Task goal: From the line that contains "Etiquetas Para Vinos" down to the final line below, please repeat each line exactly and nothing more, with no pictures.

Input data:
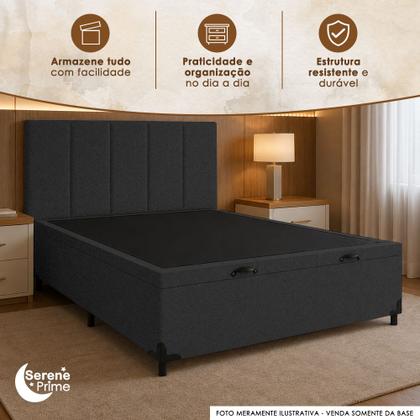 Imagem de Cama Box Baú Casal Suede SerenePrime Preto 138x188x44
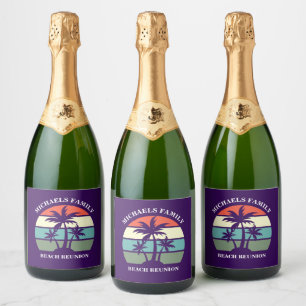 Etiquetas Para Vinos Espumosos Árbol de Palma Morado Fiesta de Playa Personalizad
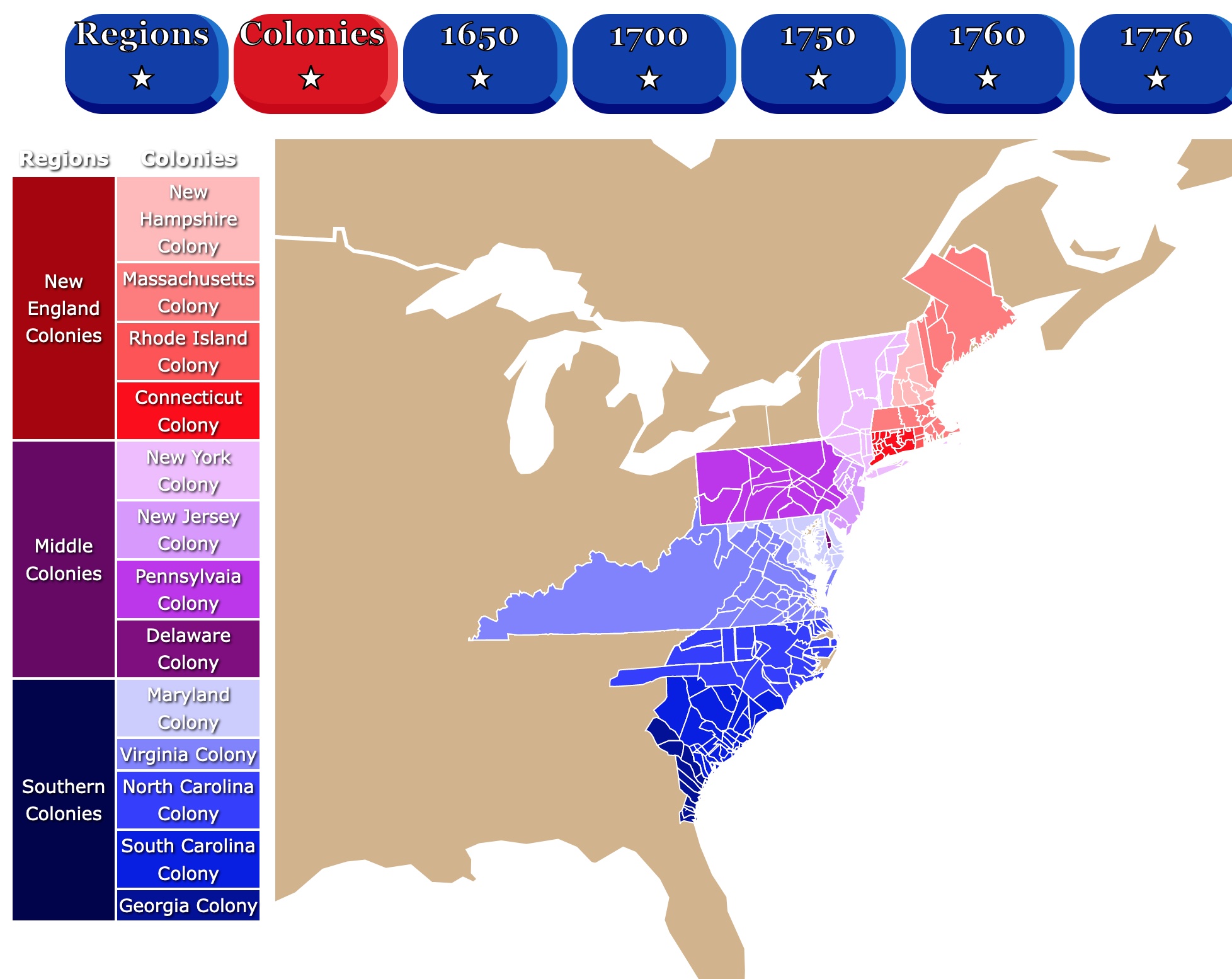 13 Colonies Interactive Map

Result of the task:
 Etiquetas Para Vinos Espumosos Árbol de Palma Morado Fiesta de Playa Personalizad
 13 Colonies Interactive Map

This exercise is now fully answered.